Lighting is another topic that should be considered. Bright lights can be overwhelming for a child who has Sensory Processing Disorder or may suffer from seizures. Keep toys in a specific area to avoid tripping. You may also want to avoid a situation where the child may feel overwhelmed with too many objects in the room.
Also, investigate toys that are specific to your child’s disability. There are many specialty stores that have educational toys that are adaptive to various needs.
If your child is prone is seizures or falls, you may want to consider padded flooring. One example of padded flooring is wall to wall carpet with padding underneath.
Another option would be a foam mat that could be placed on a hardwood or tile flooring.
5. General Access
Access to rooms should be assessed, making sure they are wide enough if a wheelchair must fit through. Stairs should also be considered when checking for access. Ramps may have to be set in place for easier maneuvering.
Also, electric chairs can be used to help in guiding upstairs.
Having a walk-in shower can help in avoiding an accident such as climbing over the bathtub to gain access. A shower stall also makes it easier if a Hoyer lift is needed to raise and lower the child with electronic equipment. Installing grab bars in the bathroom is another option to consider, such as in the shower, near the bathtub, and toilet. The grab bars can be used to help the child in being able to hold on if they have an unstable balance.
7. Stay Connected For Emergencies
In today’s time, everyone has cell phones, and more people are getting away from having a home phone or landline. In an emergency, a cell phone may not be able to provide the emergency operator with access to your location. Consider having a landline if you or a caregiver need to call 911 for a medical emergency. Some parents have chosen a medical alert button or pendant that has a built-in GPS locating device for the child. This allows for a push of a button to dial to a central location who can then connect to 911, giving your child’s information and location.

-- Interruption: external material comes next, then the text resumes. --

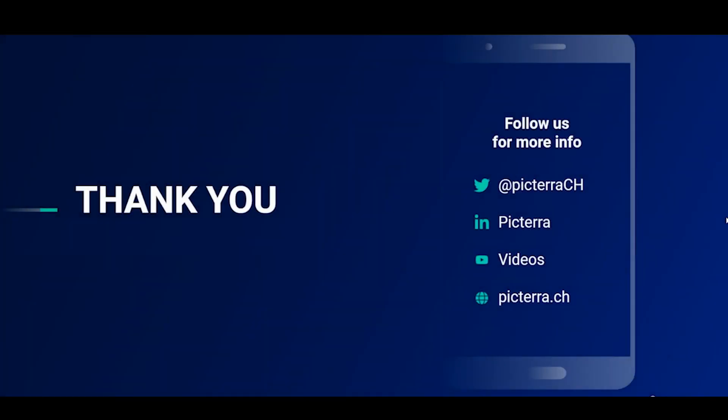If you're interested in what you've seen today, you can read more about Pictira on our website. I particularly recommend that you visit our blog page to see what other users have been doing. Thanks for listening.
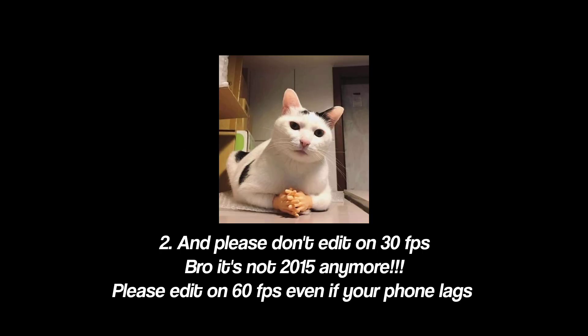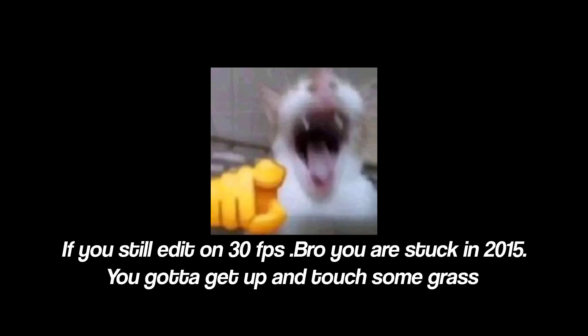Two: please don't edit on 30fps. It's not 2015 anymore — please edit on 60fps, even if your phone lags. If you still edit on 30fps, you are stuck in 2015. You gotta get up and touch some grass.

Finding Help in Early Childhood Intervention
Federal laws also protect children with special needs. Individuals with Disabilities and Education Act (IDEA) was set in place to protect those with special needs and support families. Early Childhood Intervention is a federal program under the IDEA authority that helps those with disabilities from the age of birth to six years old. Early Childhood Intervention monitors a child’s milestones to see if additional intervention and supports may be required. The IDEA states that every child has the right to a Free Appropriate Public Education (FAPE).
Early intervention is one way that the IDEA supports those with disabilities offering varied environments and tools to assist in learning.
Your child’s primary care physician will be able to refer you to an early childhood intervention specialist for evaluation. The specialist will have your child assessed, and a determination will be made as to what services and plan will be set in place. During this process, be prepared to have your child continually re-evaluated.
Remember that this is your child, and you will cherish the moments of happiness. It is expected and normal to feel overwhelmed and sad. You will find over time that the diagnosis does not define your child. Your child is unique and will need you to help in being an advocate for his or her needs.
The more you educate yourself and prepare with the right services and support systems the more your child will thrive.
Focus on achievements, and you will find joy and happiness. Many parents find that they have a better feeling of having a sense of purpose. There are so many more positive people in the world who will offer support, kindness, compassion, and who truly care. You will learn more about yourself and your capabilities. You will surprise yourself with patience and learn not to sweat the little things.
You will find what truly is a priority in life.